Was ist Ulcus cruris einfach erklärt?
Dabei handelt es sich um eine chronische, schlecht heilende Wunde am Unterschenkel, meist im Bereich des Innenknöchels oder des unteren Unterschenkels. Der lateinische Begriff bedeutet wörtlich „Geschwür des Unterschenkels". Im deutschen Sprachgebrauch ist auch von einem offenen Bein, offenen Wunden am Fuß oder offenen Beinen die Rede.
Eine chronische Wunde bedeutet in diesem Zusammenhang, dass trotz fachgerechter Behandlung nach vier bis zwölf Wochen keine eindeutigen Zeichen der Abheilung zu beobachten sind. Die Wunde nässt häufig, der Heilungsprozess stockt und Betroffene erleben dies als zermürbend und schmerzhaft.
Ulcus cruris tritt vor allem bei älteren Menschen auf, kann jedoch in jedem Alter entstehen, wenn die auslösenden Erkrankungen vorliegen. In Österreich und Deutschland sind Hunderttausende Menschen betroffen, viele davon werden zu Hause von Angehörigen betreut oder sind auf professionelle Hauskrankenpflege angewiesen.
Wie entsteht Ulcus cruris? Die häufigsten Ursachen
Die Entstehung hat fast immer eine Grunderkrankung als Ursache. Die drei häufigsten Formen sind:
1. Ulcus cruris venosum: venöse Form, betrifft rund 60–80 % aller Fälle
Die häufigste Form entsteht durch eine chronische Veneninsuffizienz: Die Venenklappen funktionieren nicht mehr richtig, das Blut staut sich im Unterschenkel und der Gewebedruck steigt. Flüssigkeit und Eiweiß treten ins umliegende Gewebe über, die Haut wird schlechter durchblutet und mit Sauerstoff versorgt. Schon kleine Verletzungen können nicht abheilen und es entsteht eine entzündete Wunde, die sich zunehmend vergrößert.
Risikofaktoren:
- Krampfadern (Varikosis) oder frühere Beinvenenthrombose
- Übergewicht und Bewegungsmangel
- Höheres Lebensalter
- Langfristiges Stehen oder Sitzen (im Berufsalltag)

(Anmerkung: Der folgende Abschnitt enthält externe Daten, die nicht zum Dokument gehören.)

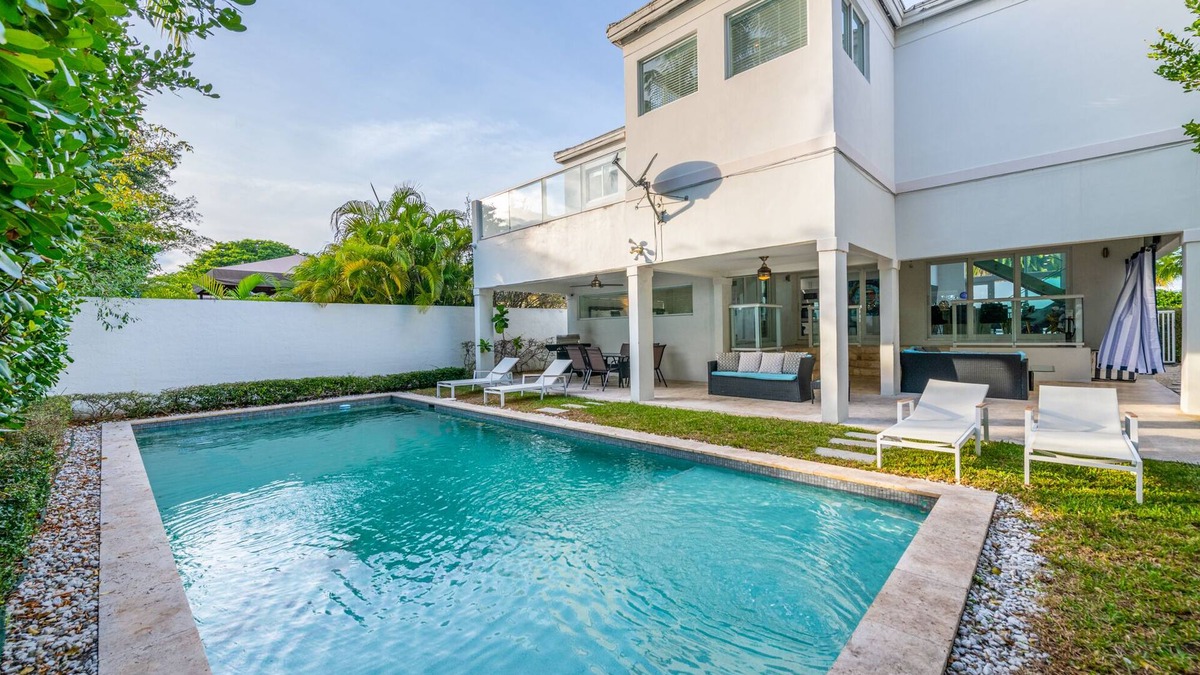 Edgewater Villa | Exquisite 6BR/3.5BBTH Villa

- Vorausgegangene Wundheilungsstörung am Unterschenkel
2. Ulcus cruris arteriosum: arterielle Form, betrifft rund 10–15 % aller Fälle
Die Ursache liegt in einer arteriellen Durchblutungsstörung, meist durch periphere arterielle Verschlusskrankheit (pAVK). Das Gewebe wird nicht mehr ausreichend mit sauerstoffreichem Blut versorgt. Als Risikofaktoren gelten Rauchen, Diabetes, Bluthochdruck und erhöhte Blutfettwerte.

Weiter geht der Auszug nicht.